▶ **DATA SHOWN**
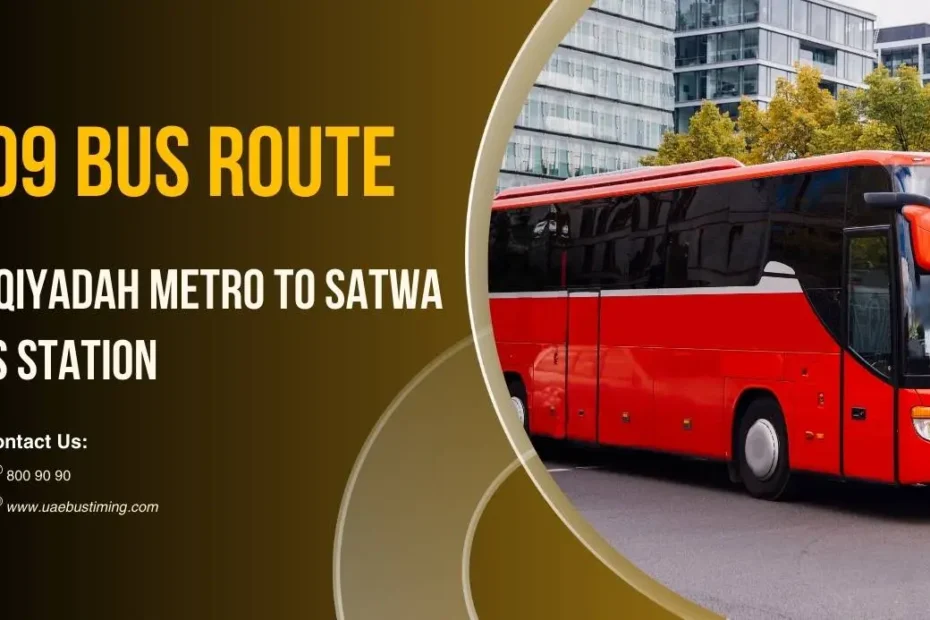 C09 Bus Route from Al Qiyadah Metro to Satwa Bus Station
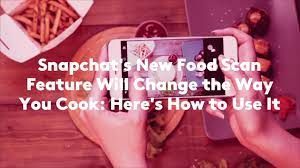 Get some cooking inspiration with Snapchat’s new Food Scan feature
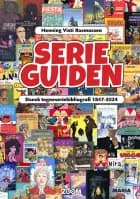 Serieguiden 1847-2024 af Henning Visti Rasmussen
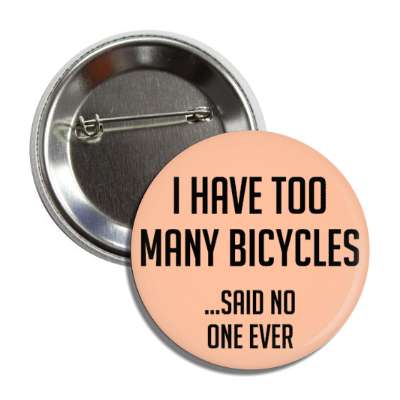 i have too many bicycles said no one ever button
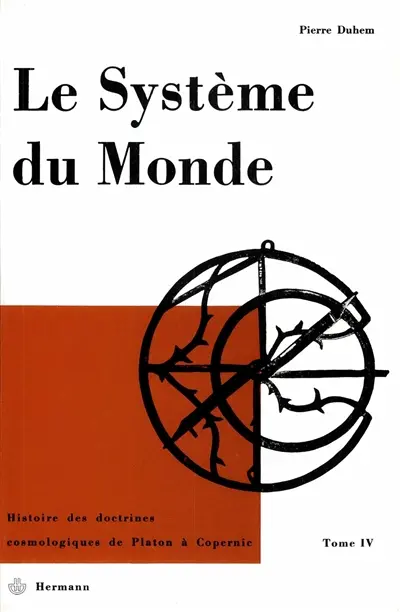 Le Système du monde. Vol. 4. L'astronomie latine au Moyen-Age, II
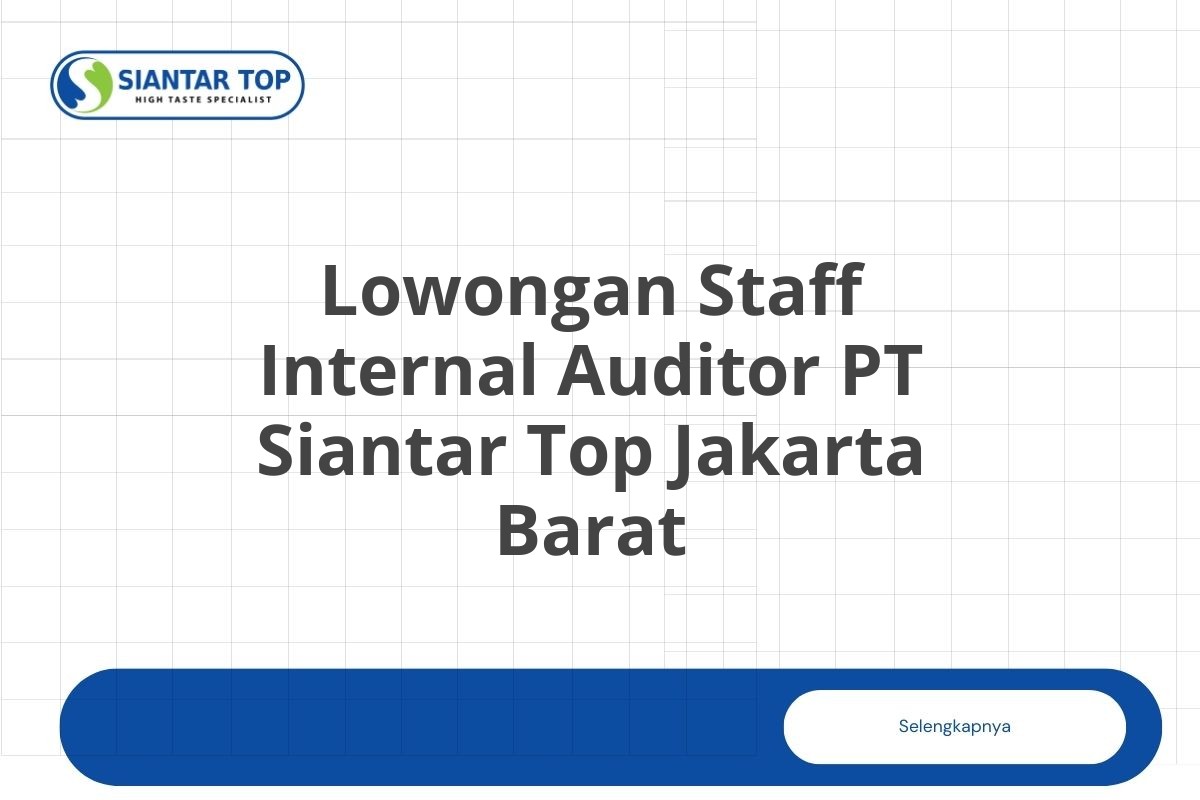 Lowongan Staff Internal Auditor PT Siantar Top Jakarta Barat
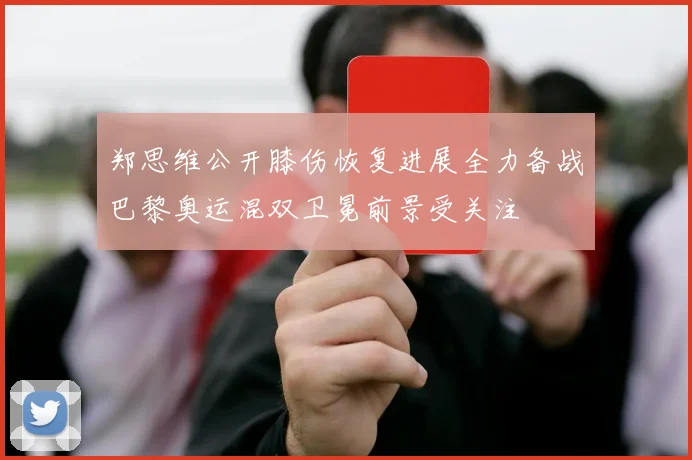 郑思维公开膝伤恢复进展全力备战巴黎奥运混双卫冕前景受关注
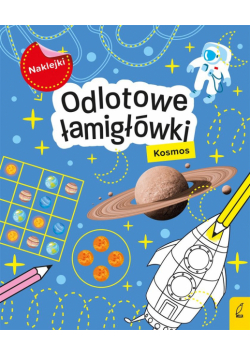 Odlotowe łamigłówki z naklejkami. Kosmos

▶ **ACTIVITY**
Repeat the data word for word. Skip the pictures.

▶ **RESPONSE**
 C09 Bus Route from Al Qiyadah Metro to Satwa Bus Station
 Get some cooking inspiration with Snapchat’s new Food Scan feature
 Serieguiden 1847-2024 af Henning Visti Rasmussen
 i have too many bicycles said no one ever button
 Le Système du monde. Vol. 4. L'astronomie latine au Moyen-Age, II
 Lowongan Staff Internal Auditor PT Siantar Top Jakarta Barat
 郑思维公开膝伤恢复进展全力备战巴黎奥运混双卫冕前景受关注
 Odlotowe łamigłówki z naklejkami. Kosmos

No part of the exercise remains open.